Bluestreak considered that. It made no sense. A 'Con sacrificing himself for an Autobot. For a Praxian. For Prowl.

"I didn't realize you were reading his updates," Smokescreen said.

"Like you said, everyone was." Bluestreak turned back to the desert and his duty again. "But...I guess that explains some of the comments."

Smokescreen waited, but Bluestreak didn't elaborate. Curious, Smokescreen brought up the fic that Soundwave had written while he kept Prowl alive with his own energon. It wasn't much of a fic, just a repeated cry for help, and Smokescreen hadn't even thought to check the comments.

His optics reset.

There were hundreds. For every update.

Pacifist-Punch: If you can see this, Ratchet says try to slow your chronos to frequency o.1≡ congruence. Old medbot's trick to buy you time.

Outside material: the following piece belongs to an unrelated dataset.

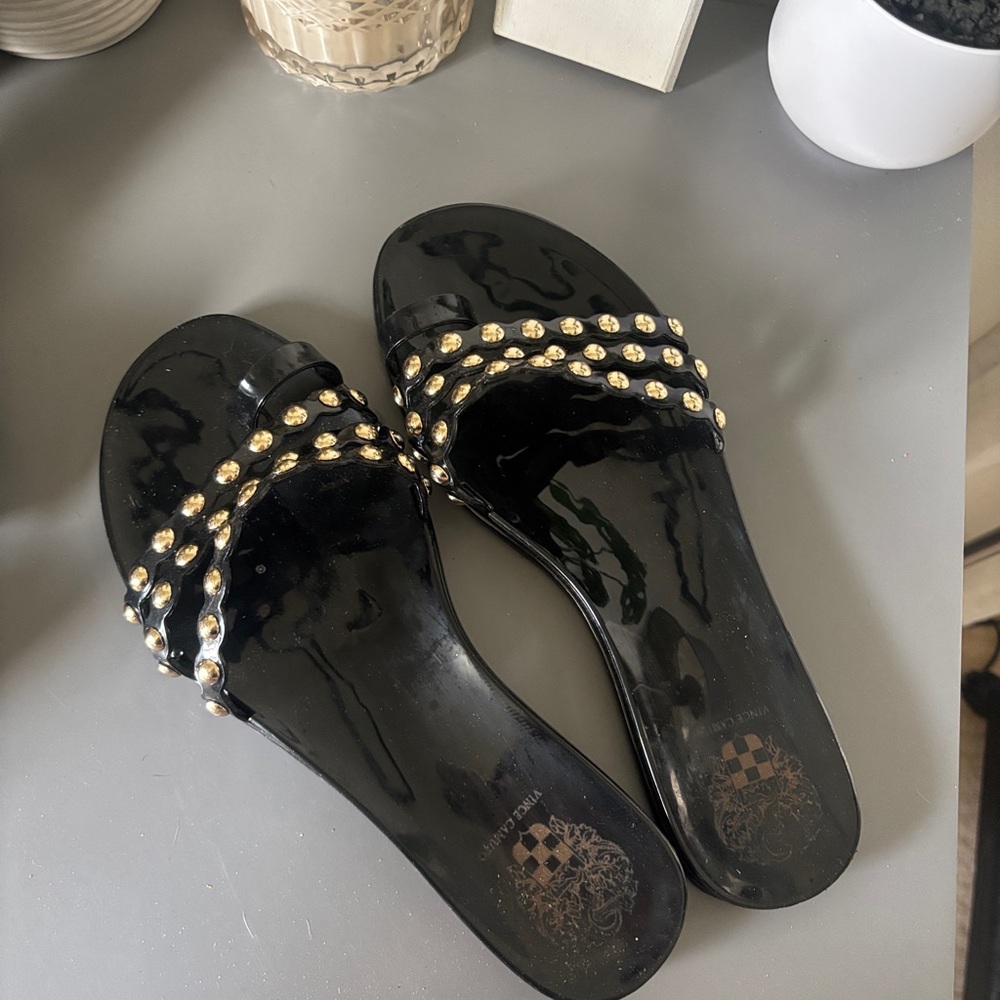 Vince Camuto Black Patent Slide Sandals with Gold Stud Detail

Hippie-Mech: A con saving a bot. I didn't really think I'd live to see this miracle. Please survive this. We need you both more than ever.

Nothing-But-A-Houndmech: Damn, mechs. Damn.

Oasis: I hope no one questions your defection now.

Lube'nSlide: fuckin defecticon only time i'll stp questioning is to write good job on his tombstone

Honey-Bot: o.o

Perceptive Perspicacity: I will not depress anyone by reciting the odds of survival. I willmerely remind bots that we've pulled through worse than this.

Merbot: :(

Goldbug: You both gotta live, you jus gotta

Cusswords: can we get any verification on what's going on like do we know that the con really tried to save prowl i mean i know i've seen everyone saying that now and that the rumors are that the con did the fighting but i haven't seen the security feeds and the twins haven't said anything except they saw him get up and swing first but that was right before the explosion and there hasn't been anything since

notIronHide: fuck you two making everyone worry this bad, your strongr than this

incognito: please continue to update please continue to update

HotStuff: oh Primus i can't i can't

They all echoed each other's worries and anxieties, often missing updates, responding to each other, updating each other in a way that completely broke with security protocols. And yet there were few details, and the command officers hadn't isolated the story or censored it. It had published, and updated, in a place where even the Decepticons could see it.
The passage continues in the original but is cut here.